'''

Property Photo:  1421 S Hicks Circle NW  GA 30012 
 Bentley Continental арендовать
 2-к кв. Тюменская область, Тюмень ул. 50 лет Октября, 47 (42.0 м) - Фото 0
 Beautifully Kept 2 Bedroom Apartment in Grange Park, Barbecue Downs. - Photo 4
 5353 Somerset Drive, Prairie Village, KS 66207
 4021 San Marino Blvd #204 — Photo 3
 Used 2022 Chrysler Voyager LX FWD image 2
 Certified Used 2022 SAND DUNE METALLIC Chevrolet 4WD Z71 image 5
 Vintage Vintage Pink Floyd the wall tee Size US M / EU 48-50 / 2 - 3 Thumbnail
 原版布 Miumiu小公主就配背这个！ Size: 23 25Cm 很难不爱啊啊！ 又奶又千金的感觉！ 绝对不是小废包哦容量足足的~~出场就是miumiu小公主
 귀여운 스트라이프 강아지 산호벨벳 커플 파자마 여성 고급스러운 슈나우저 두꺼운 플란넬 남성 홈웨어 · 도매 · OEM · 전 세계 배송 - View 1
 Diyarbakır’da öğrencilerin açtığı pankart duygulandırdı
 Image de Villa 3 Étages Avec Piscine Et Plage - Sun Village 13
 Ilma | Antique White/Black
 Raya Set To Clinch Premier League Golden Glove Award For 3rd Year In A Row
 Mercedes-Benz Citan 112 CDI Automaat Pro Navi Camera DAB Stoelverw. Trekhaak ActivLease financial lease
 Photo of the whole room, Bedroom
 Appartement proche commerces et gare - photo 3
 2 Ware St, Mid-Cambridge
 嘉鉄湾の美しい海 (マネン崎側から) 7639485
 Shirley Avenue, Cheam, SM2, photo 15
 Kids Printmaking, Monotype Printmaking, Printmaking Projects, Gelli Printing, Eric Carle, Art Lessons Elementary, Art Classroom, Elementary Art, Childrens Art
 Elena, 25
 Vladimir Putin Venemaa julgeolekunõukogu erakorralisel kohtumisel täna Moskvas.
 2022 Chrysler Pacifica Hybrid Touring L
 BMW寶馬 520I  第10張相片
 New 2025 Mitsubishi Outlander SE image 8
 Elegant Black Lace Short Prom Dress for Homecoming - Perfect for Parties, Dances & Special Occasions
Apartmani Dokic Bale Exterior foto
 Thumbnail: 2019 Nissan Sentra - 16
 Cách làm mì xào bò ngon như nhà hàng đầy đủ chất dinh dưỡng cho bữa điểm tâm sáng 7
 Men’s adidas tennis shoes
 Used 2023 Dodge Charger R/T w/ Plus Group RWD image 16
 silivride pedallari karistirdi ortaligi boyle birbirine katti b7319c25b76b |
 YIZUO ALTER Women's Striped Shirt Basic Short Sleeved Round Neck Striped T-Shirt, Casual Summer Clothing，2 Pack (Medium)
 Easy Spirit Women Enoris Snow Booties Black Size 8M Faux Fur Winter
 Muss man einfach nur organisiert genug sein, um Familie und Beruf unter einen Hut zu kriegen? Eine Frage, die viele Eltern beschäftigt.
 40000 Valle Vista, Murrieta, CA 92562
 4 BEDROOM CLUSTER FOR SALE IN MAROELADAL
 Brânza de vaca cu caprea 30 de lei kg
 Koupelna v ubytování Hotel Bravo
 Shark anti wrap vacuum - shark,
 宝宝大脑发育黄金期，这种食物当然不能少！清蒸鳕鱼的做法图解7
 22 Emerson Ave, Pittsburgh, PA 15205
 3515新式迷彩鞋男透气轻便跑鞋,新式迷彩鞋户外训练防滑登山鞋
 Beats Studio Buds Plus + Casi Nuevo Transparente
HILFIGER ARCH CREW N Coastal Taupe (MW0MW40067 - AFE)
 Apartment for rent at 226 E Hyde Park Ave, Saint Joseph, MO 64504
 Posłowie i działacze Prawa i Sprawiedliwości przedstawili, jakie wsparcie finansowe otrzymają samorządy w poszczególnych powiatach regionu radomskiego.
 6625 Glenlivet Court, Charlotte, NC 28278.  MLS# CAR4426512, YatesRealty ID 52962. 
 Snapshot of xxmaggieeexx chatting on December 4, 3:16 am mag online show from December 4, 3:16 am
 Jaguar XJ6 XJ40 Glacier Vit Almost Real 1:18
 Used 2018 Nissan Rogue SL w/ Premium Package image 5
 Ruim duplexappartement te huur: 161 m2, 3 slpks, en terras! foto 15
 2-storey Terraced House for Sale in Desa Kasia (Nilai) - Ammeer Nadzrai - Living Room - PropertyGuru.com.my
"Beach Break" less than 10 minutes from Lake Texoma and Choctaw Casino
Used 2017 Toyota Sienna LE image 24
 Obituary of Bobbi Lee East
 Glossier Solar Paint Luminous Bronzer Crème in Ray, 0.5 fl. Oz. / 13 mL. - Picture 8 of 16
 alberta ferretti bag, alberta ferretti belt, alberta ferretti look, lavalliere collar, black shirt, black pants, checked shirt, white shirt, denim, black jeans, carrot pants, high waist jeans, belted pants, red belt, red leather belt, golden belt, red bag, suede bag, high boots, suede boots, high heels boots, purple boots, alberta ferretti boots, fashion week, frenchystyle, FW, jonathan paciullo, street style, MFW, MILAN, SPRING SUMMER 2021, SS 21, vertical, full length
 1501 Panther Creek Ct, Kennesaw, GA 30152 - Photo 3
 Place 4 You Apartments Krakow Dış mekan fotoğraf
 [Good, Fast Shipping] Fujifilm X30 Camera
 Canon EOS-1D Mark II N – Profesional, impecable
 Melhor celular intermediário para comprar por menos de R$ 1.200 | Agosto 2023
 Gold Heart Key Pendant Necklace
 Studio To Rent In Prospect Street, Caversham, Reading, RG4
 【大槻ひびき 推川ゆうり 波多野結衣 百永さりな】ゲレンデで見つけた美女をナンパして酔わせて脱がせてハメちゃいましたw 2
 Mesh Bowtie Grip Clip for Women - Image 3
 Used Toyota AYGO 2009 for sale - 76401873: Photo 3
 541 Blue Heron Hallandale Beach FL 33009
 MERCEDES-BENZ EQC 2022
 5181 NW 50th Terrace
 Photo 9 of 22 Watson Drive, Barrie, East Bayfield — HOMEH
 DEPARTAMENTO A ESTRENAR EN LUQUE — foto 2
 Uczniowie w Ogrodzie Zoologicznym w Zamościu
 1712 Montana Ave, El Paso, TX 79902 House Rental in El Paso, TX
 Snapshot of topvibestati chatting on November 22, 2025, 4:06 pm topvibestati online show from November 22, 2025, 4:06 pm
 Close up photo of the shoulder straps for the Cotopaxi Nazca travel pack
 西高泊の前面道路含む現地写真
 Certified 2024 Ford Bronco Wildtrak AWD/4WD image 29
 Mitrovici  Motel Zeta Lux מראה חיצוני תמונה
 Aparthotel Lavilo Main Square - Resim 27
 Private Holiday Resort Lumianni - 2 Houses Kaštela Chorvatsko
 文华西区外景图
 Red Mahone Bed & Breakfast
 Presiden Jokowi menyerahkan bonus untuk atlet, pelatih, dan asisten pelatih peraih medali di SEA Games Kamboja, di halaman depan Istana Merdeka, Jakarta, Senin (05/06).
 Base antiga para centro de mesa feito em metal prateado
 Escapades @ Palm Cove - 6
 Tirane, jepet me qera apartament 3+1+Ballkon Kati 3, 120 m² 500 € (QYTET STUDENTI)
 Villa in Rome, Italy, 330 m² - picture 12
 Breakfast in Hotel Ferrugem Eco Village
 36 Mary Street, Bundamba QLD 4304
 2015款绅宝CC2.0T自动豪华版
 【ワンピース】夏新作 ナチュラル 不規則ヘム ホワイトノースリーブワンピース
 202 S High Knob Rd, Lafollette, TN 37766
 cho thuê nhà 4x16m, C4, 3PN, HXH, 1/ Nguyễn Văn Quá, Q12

'''

### WORK REQUEST
Every line of the listing that includes the word "East" belongs in the answer.

### TASK RESULT
 Obituary of Bobbi Lee East
 Photo 9 of 22 Watson Drive, Barrie, East Bayfield — HOMEH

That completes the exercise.